The tool can write structured logs to a file for debugging test execution. To enable debug logging, set both of these environment variables:

Variable Description
CLI_LOG_LEVEL Log level (case-insensitive): TRACE, DEBUG, INFO, WARN, ERROR. Any other value disables logging silently.
CLI_LOG_DIR Directory path where log files are written. Created automatically if it doesn't exist.

Both must be set together. If either is missing, logging is not activated.

Usage

export CLI_LOG_LEVEL=DEBUG
export CLI_LOG_DIR=/tmp/api-tester-logs
rs --suite=/path/to/suite.yml

Log files are created with the pattern: cli_log_yyyy_MM_dd_HHmmss.log

Each run creates a new log file; old files are never deleted automatically.

Log line format:

2026-06-05 14:30:45.123 [main] DEBUG io.github.snytkine.apitester... - Message here

Terminal UI behavior

The tool automatically detects your environment and chooses an output mode (interactive UI or JSON). These environment variables influence that detection:

Variable Effect
NO_COLOR If set to any value, disables ANSI color output and the interactive UI (follows no-color.org convention).
CI If set to any value, disables the interactive UI. Most CI systems (GitHub Actions, GitLab CI, Jenkins, CircleCI, etc.) set this automatically.
COLUMNS Terminal width detection override. Parsed as an integer; defaults to 80 if absent or unparseable. The interactive UI is disabled if the detected width is below 40 columns.

Output mode selection (evaluated in order)
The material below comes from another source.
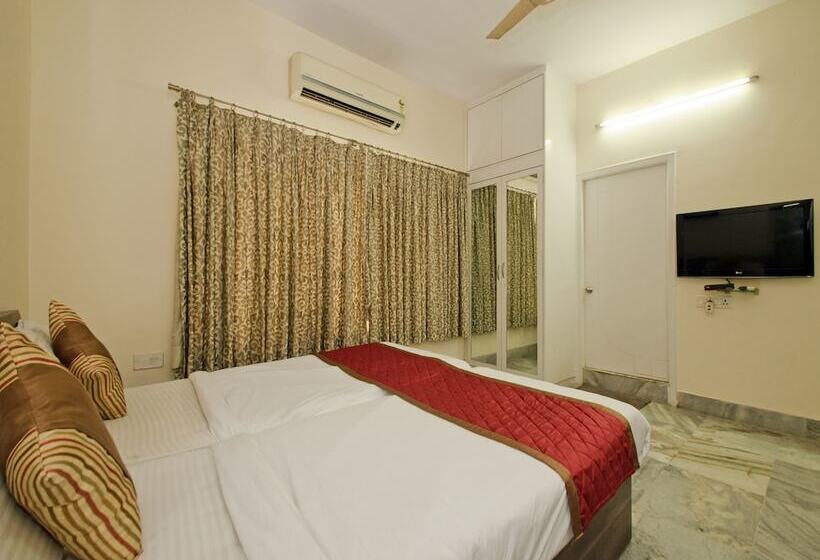 Отель Oyo 3573 Salt Lake Sector 2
  1. If --ui flag is supplied → interactive UI always (overrides all environment variables)
  2. If --no-ui flag is supplied → JSON output always (overrides all environment variables)
  3. Otherwise, auto-detect based on the above variables and TTY state

Examples

Force JSON output in CI:

# CI environment variable is already set by the CI platform
rs --suite=/path/to/suite.yml --no-ui > results.json

Disable colors but keep interactive UI:

# Set NO_COLOR but use --ui to override the UI disabling
NO_COLOR=1 rs --suite=/path/to/suite.yml --ui

Disable UI in Docker with TTY:

docker run \
  -e NO_COLOR=1 \
  -v $(pwd):/tests \
  api-tester-cli \
  rs --suite=/tests/suite.yml --no-ui

Using .env files for secrets

Place a .env file in the same directory as your test suite YAML. It will be automatically loaded and merged with environment variables.

.env file (in suite directory):

API_KEY=sk-12345abcde
DB_PASSWORD=postgres123
OAUTH_TOKEN=oauth_abc123def456
API_USER=testuser
API_PASSWORD=testpass123
ADMIN_USER=admin
ADMIN_PASSWORD=adminpass456

In your test suite:

# For bearer token authentication
request:
  headers:
    Authorization: "Bearer [[${env.API_KEY}]]"
    x-api-key: "[[${env.API_KEY}]]"

# For HTTP Basic Auth (suite-level default)
rest_client:
  auth:
    type: "basic"
    username: "[[${env.API_USER}]]"
    password: "[[${env.API_PASSWORD}]]"

# For HTTP Basic Auth (per-request override)
request:
  auth:
    type: "basic"
    username: "[[${env.ADMIN_USER}]]"
    password: "[[${env.ADMIN_PASSWORD}]]"

Priority: System environment variables take precedence. If both .env and a system environment variable define the same key, the system value is used.

Best practice: Never commit .env to version control. Add .env to your .gitignore. This way, each developer and CI environment can have its own secrets without risk of accidental exposure.

Tip: You can also set credentials via environment variables without using .env:

export API_USER=myusername
export API_PASSWORD=mypassword
rs --suite=suite.yml

This is especially useful in CI/CD pipelines where secrets come from a secure secret management system (GitHub Secrets, GitLab CI Variables, Jenkins Credentials, etc.).

.env file format

KEY1=value1
KEY2=value2
# Comments are allowed
KEY3=value with spaces

The dotenv-java library supports the standard .env file format.